Progress is tracked by a series of lights that are placed at various points in the factory. Green means that the production is running as it should. “If the colour starts to turn orange, we know that there is a problem and we can fix it immediately,” he says. “If there is no flow, if there is no movement on the factory floor, you know something is wrong.”
Quality control is the responsibility of all the employees. “We do not have people in white lab coats with clipboards monitoring various aspects of production,” he says. “It is the responsibility of all the employees to make good products. We have a saying here – ‘We don’t ship shit.’”
LVD XP Centre
In the spring of 2017, the LVD Company nv opened its Experience Center – dubbed the XP Center. Located next to the company’s corporate Belgian headquarters in Gullegem this sleek 2,500 sq m (26,910 sq ft) compound is not just a place to showcase LVD’ products, it was built with the aim that existing and potential customers can come in and educate themselves on how incorporating new technologies can help their business.
“We want the customer to come in and say to us, ‘I have a problem. How can you help me,’” explains Fowles, LVD’s director of marketing.

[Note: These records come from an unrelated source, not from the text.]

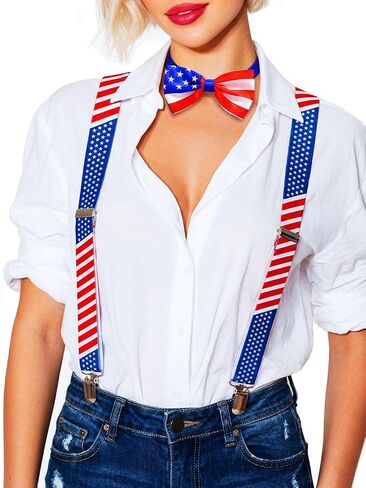 TWINKLEDE 4th of July Suspenders and Bow Tie Y-Back Suspender Bowtie Independence Day Costume for Adult in Kuwait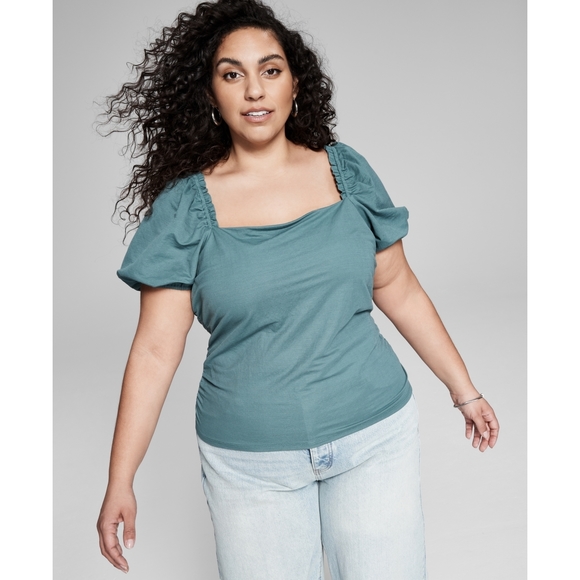 And Now This Plus Size Teal Puff Sleeve Top - 4X - Women's Blouse - Picture 1 of 1
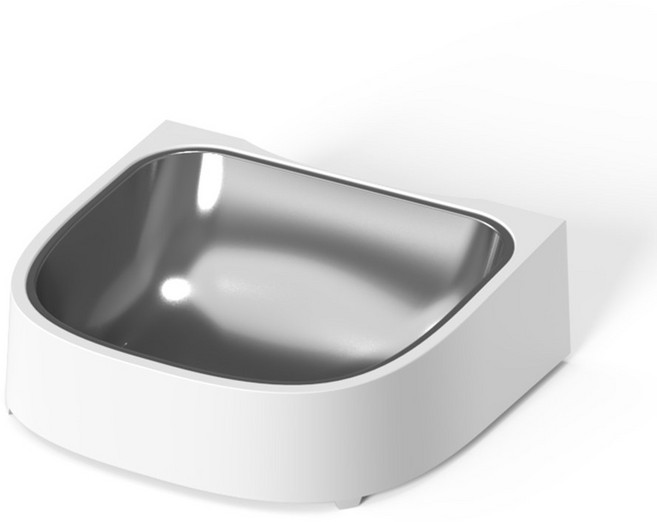 ROJECO 애완 동물 피더가없는 4L 자동 피더 고양이 식품 디스펜서 용 스테인레스 스틸 싱글 & 더블 보울 액세서리, 1개, 1) Single Bowl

Designed by the Belgian architectural firm Naert bvba in partnership with interior architect Justine Van Strydonck, the XP Center feels like a modern science centre where the machines are the exhibits and there are plenty of areas for private meetings or group sessions. The main atrium has plenty of natural light and the visitor has a sense of welcome in this space. The coffee is very good as well.
The days of just showing off new machinery is fading according to Fowls. “More than half the time the customer is talking about software solutions for their business,” he says. “This centre is designed to give the customer a vision of how the machines and software can communicate and work together. The centre was built to help businesses achieve what they can.”